Adonis Stevenson’s people may be looking upon Bernard Hopkins as an old man who could be vulnerable to his thunderous left hand, and they may be underestimating the guile of the 48-year-old champ, but that kind of hubris may pale in comparison to what they are proposing to a man many think is one of the better pound-for-pound fighters in the world.
Bernard Hopkins lost a chance to defend his IBF light heavyweight title when scheduled July 13 opponent Karo Murat fell out over visa problems, and Stevenson would like to fight Hopkins as his first priority.
Yvon Michel of Interbox, a Montreal-based promoter who has been around, has conceded that he wouldn’t mind if his charge undertook to engage in a unification fight against another recognized champion at 175 pounds in Hopkins, but he also appeared ready to offer a unique and ambitious deal to Andre Ward, the WBA “Super” super middleweight champion (which, we assume, must mean that he is REALLY super).
It entails a guarantee of two fights. The first one would be at 168 pounds, in Ward’s hometown of Oakland, with a scheduled September date. Such a thing shouldn’t be impossible for Stevenson to do, considering that he only recently moved from the super middleweight ranks, although it doesn’t seem to allow a lot of time to do it in.
The built-in rematch would take place at a date to be determined, but it would be at 175 pounds, and in Montreal, which is not only where Michel is based but is also Stevenson’s adopted hometown (he is a native of Haiti).
The two-fight series would give each man a chance to fight in their own hometown, where they would put their own belt on the line.
There are glitches with such a thing, however. Perhaps the more prudent way to do it would be to reverse the fights, to ensure that a belt would legitimately be on the line in both. To illustrate, if Ward were to fight the first bout at 175, he would have a chance to win Stevenson’s belt, though his own wouldn’t be at risk. Then, Stevenson would have a chance to drop weight and fight for Ward’s title.
The way these fights have been proposed, if Ward won the first fight at 168, it would take a lot of the starch out of Stevenson’s title, since both men would have been under the 175-pound limit that is required for valid championship contests. It could theoretically, then, be for both titles, and traditionally in boxing, non-title fights have been over-the-weight affairs. But in this day and age of multiple titles with the same governing body in each division, anything apparently goes.
From the standpoint of box office viability, it can be a big winner, since each of the fighters can draw numbers in their respective home areas. And because of Ward’s reputation, as well as Stevenson’s punching power, it should be an attractive and intriguing matchup for television. If Stevenson pulled off another thunderous knockout win, the way he did to wrest the WBC title away from Chad Dawson, everyone would probably want to see the return bout.
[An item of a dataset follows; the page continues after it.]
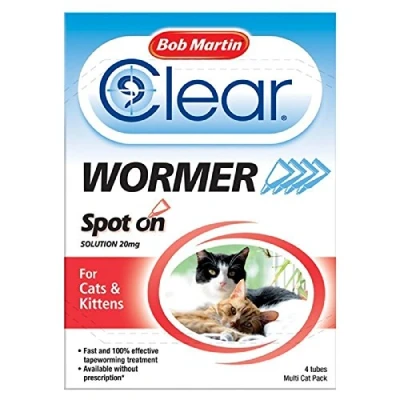 Image of Bob Martin Clear Spot On Wormer for Cats and Kittens over 1kg 4 Pack
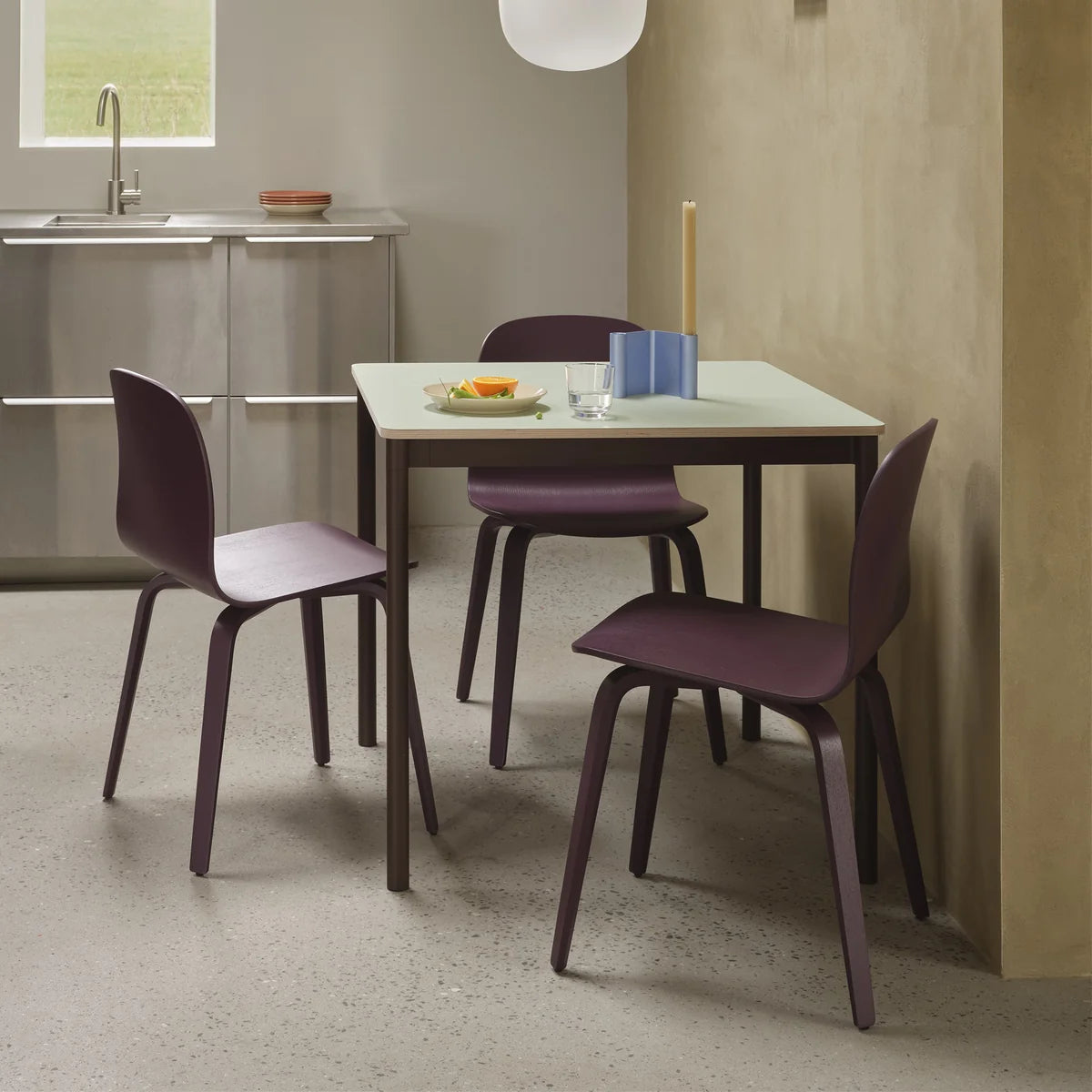 Visu Chair, Wood Base, Dark Plum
Here is the risk: what if the first fight is a dud? Or if Ward, for example, dominated Stevenson so thoroughly that there was little demand on the part of anyone to see a rematch. That is what makes any proposed two-fight deal a dicey one. Michel’s requirement is that the second fight would have to take place, regardless of the outcome of the first fight. In Montreal, one imagines it will sell for paying customers, but if Stevenson looked very bad the first time around, would a television network want to chance presenting something like that all over again?